Mining & Minerals, Tech & Power Generation
Tour of Rare Earths in the Energy Transition
Rare earth elements sit quietly behind the energy transition — enabling electric vehicles, wind turbines, power electronics, and advanced grids — yet their supply chains are among the most concentrated, strategic, and misunderstood in the world.
In this 40-minute virtual tour, Andy Calitz, Mary Hemmingsen and Jared Manz take you country by country through the rare earth ecosystem that underpins the modern energy system. We focus on the few elements that matter most for electrification: neodymium and praseodymium (the core of high-performance permanent magnets), plus dysprosium and terbium (small but crucial additions that help magnets keep strength at high temperatures). We also touch briefly on cerium and lanthanum as high-volume “basket” rare earths that shape mine economics, even if they’re less critical to magnets.

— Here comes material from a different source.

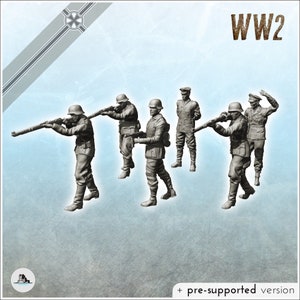 Squad of German soldiers with Kar 38k Mauser or MP38 - STL 3D Printing WW2 WWII Front Second World War German Germany Axis Bolt Action
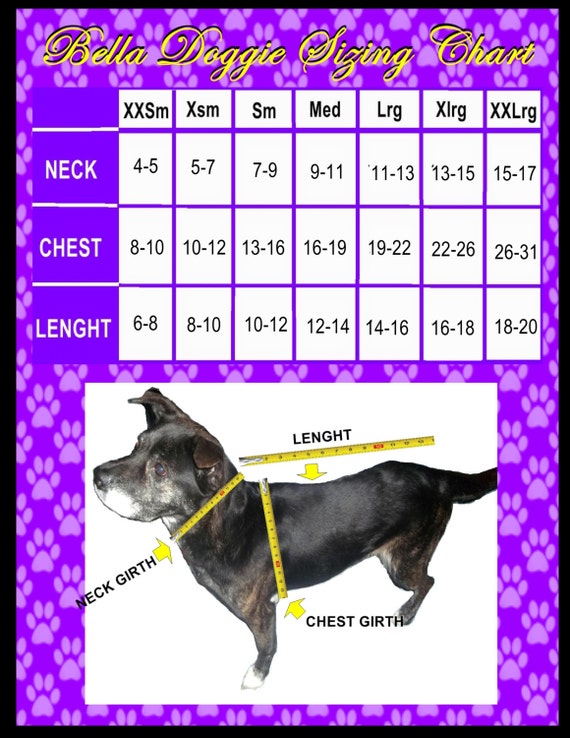 Bella doggie sizing chart dog sizes pet sizes dog clothes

The tour begins in China, the dominant force across mining, separation, and magnet production, before moving to Australia, home to the most important non-Chinese rare earth mine. We then examine the United States and Canada, where strategic rebuilding of separation and magnet capacity is underway. India features for monazite resources and state-linked processing ambitions, Brazil for emerging non-China supply options, and Myanmar as a critical—yet opaque—source influencing heavy rare earth availability.
Using satellite imagery of mines, processing plants, and industrial clusters, this tour explains why rare earths are not interchangeable commodities, why processing matters more than geology, and why a small set of countries will shape the pace and resilience of the energy transition.